Expatriates are different from immigrants, although I'm sure the boundaries are blurred. You think of an immigrant as someone who has come to stay. Irish emigrated to America to escape crushing poverty and start over. European Jews emigrated to Israel to start over with religious freedom in their "homeland."
Expatriate has the air of exile. Not always -- Americans who retire in Mexico or gets jobs in Saudi Arabia often live in enclaves of expatriates. They are not giving up their citizenship. They are guests who don't really intend to assimilate, even if they wind up living their permanently.
But I'm more curious about the political exile or the social outcast. They say that many artists went to Paris in the twenties or lived for extended periods in the South Seas because they wanted the stimulation of an exotic environment to spur their imaginations. I'll buy that. But I also think that their native land had become uncomfortable for them in some way. They were misfits longing for a place where they could be comfortable or a place that would help them understand who they were. Think of all the gays who were among those famous expatriates: Gertrude Stein, Paul Bowles, James Baldwin...
The political exile seems saddest. Think of all those Cubans in Miami -- the first wave, at least, who escaped from Fidel but intended to stick together and organize his overthrow from Florida. Think of Jews fleeing Germany or Austria when they realized what Hitler was up to.

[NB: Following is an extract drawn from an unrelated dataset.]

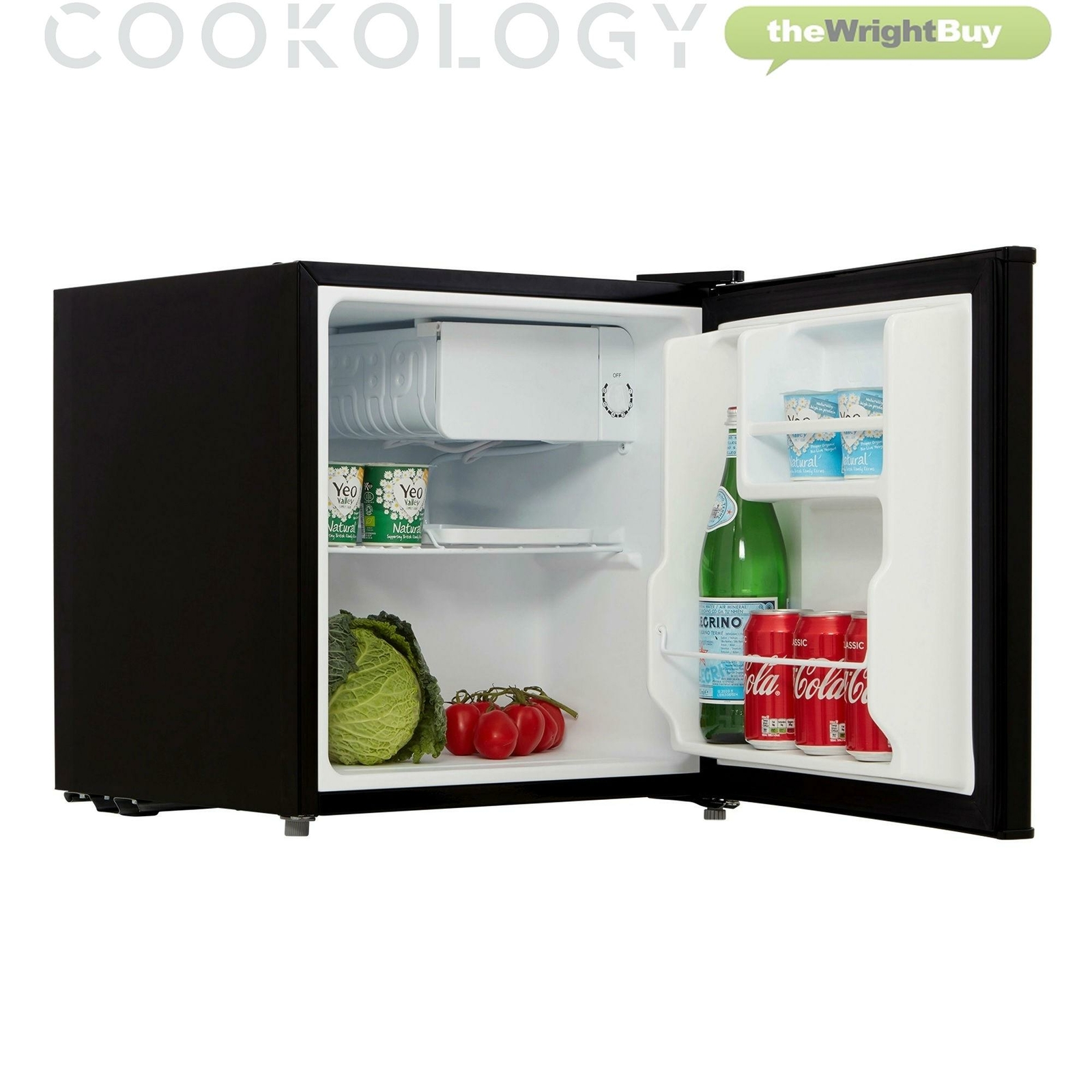 Cookology Mfr45bk 46l 47cm Table Top Mini Fridge With Ice Box Black For Sale Online Ebay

I'm curious about the decision-making -- the moment when someone gives up the notion of "working from within." The moment when someone gives up seeing himself as part of the Resistance and decides to grab what he can and get the hell out. I'm reading Persepolis, a comic-book style memoir about the Islamic revolution in Iran in 1979. It isn't always clear when you need to go. Some people bolted. Some people stuck around, hoping that the situation was only temporary.
When the person who bolts starts hearing news that her friends who stayed are being tortured, does she feel guilty? Does she feel like she lost her chance to be noble, to fight the good fight?
Some days I think of these things from my Parisian garret.